-- Opening Marker --

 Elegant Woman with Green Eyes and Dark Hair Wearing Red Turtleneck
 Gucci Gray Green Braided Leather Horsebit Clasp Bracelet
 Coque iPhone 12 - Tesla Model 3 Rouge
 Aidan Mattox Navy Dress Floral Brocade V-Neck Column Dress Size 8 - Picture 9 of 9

-- Closing Marker --
-- Opening Marker --

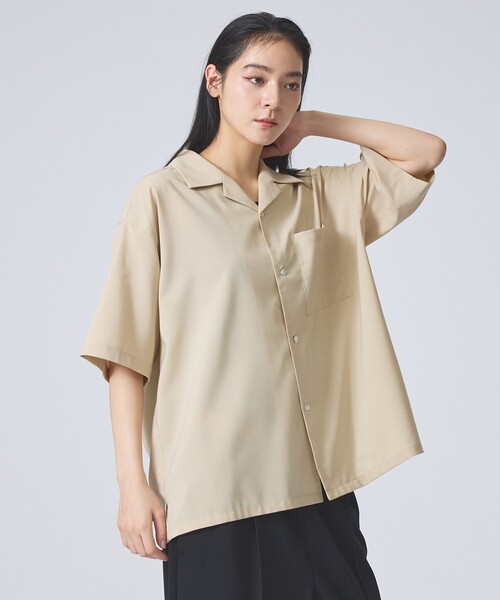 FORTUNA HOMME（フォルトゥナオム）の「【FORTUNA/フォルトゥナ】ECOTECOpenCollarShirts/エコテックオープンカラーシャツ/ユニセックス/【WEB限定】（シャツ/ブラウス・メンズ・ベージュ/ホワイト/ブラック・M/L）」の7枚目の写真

-- Closing Marker --

_THE TASK:_
What lines of the data include the word "Green"? Copy each of them.

_SOLUTION BELOW:_
 Elegant Woman with Green Eyes and Dark Hair Wearing Red Turtleneck
 Gucci Gray Green Braided Leather Horsebit Clasp Bracelet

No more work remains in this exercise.